Required action: Pictures must be kept out of the copy. Every entry is to be duplicated exactly.
[[ Source material, beginning ]]
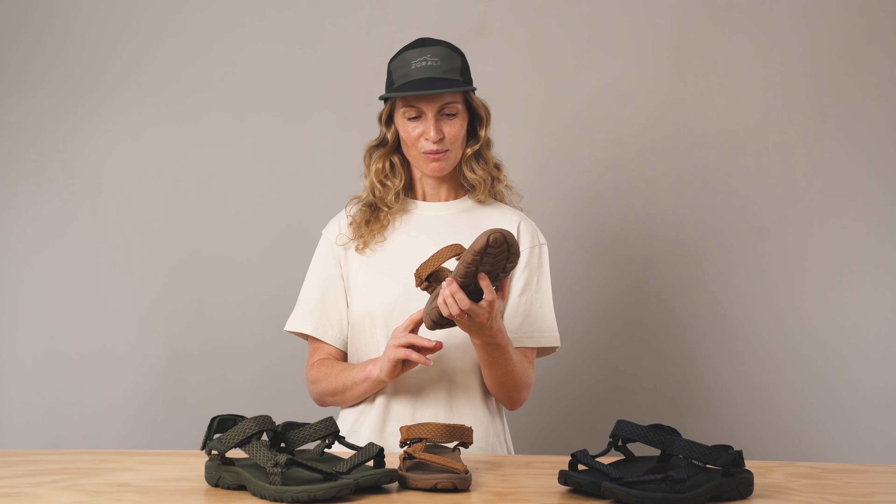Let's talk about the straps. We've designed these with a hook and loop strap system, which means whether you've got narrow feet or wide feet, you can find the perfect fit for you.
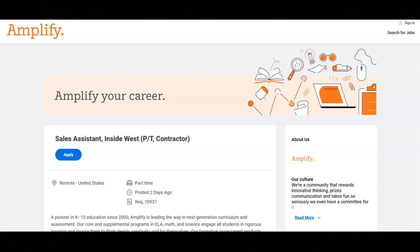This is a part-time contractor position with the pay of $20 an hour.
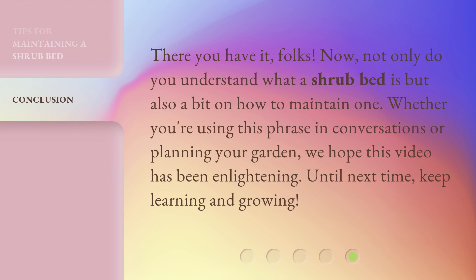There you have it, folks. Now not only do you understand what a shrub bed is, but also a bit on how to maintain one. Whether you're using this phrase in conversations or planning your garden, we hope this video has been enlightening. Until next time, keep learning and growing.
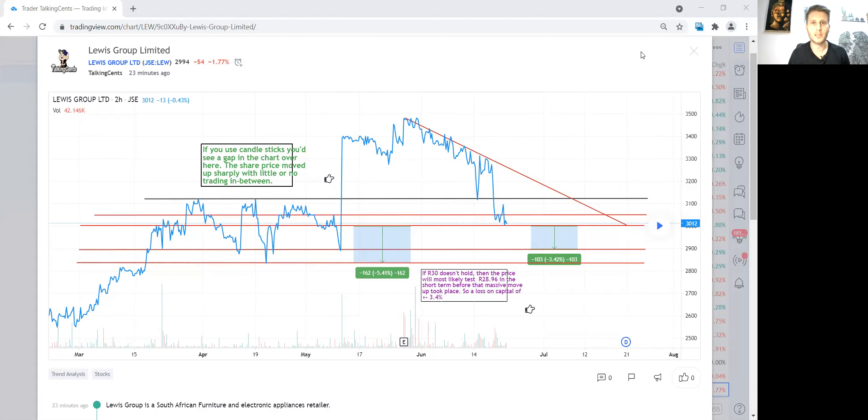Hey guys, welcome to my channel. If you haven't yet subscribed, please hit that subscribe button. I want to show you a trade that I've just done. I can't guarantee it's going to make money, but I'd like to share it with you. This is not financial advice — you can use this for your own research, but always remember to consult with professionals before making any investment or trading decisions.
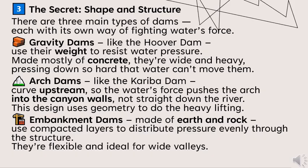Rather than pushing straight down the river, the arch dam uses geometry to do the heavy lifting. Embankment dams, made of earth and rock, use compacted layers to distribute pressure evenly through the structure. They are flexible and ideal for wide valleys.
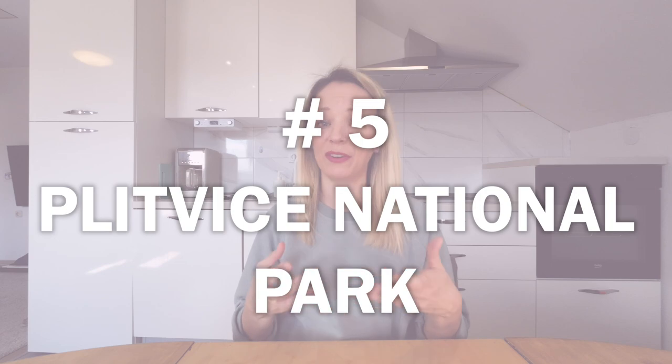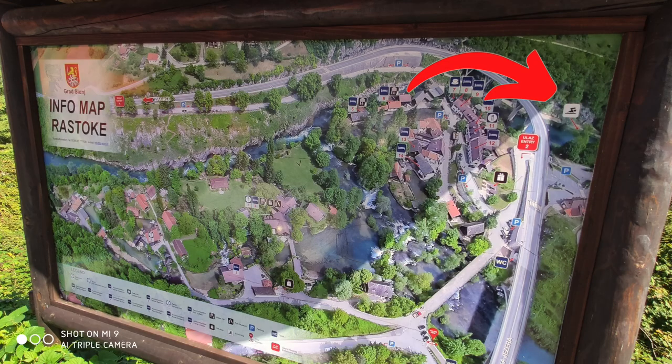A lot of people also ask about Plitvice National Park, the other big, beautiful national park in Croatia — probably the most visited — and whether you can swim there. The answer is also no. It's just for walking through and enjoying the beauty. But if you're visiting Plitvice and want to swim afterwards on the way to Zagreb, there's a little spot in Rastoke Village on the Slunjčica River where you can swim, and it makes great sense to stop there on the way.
[[ Source material, end ]]
Written solution:
Let's talk about the straps. We've designed these with a hook and loop strap system, which means whether you've got narrow feet or wide feet, you can find the perfect fit for you.
This is a part-time contractor position with the pay of $20 an hour.
There you have it, folks. Now not only do you understand what a shrub bed is, but also a bit on how to maintain one. Whether you're using this phrase in conversations or planning your garden, we hope this video has been enlightening. Until next time, keep learning and growing.
Hey guys, welcome to my channel. If you haven't yet subscribed, please hit that subscribe button. I want to show you a trade that I've just done. I can't guarantee it's going to make money, but I'd like to share it with you. This is not financial advice — you can use this for your own research, but always remember to consult with professionals before making any investment or trading decisions.
Rather than pushing straight down the river, the arch dam uses geometry to do the heavy lifting. Embankment dams, made of earth and rock, use compacted layers to distribute pressure evenly through the structure. They are flexible and ideal for wide valleys.
A lot of people also ask about Plitvice National Park, the other big, beautiful national park in Croatia — probably the most visited — and whether you can swim there. The answer is also no. It's just for walking through and enjoying the beauty. But if you're visiting Plitvice and want to swim afterwards on the way to Zagreb, there's a little spot in Rastoke Village on the Slunjčica River where you can swim, and it makes great sense to stop there on the way.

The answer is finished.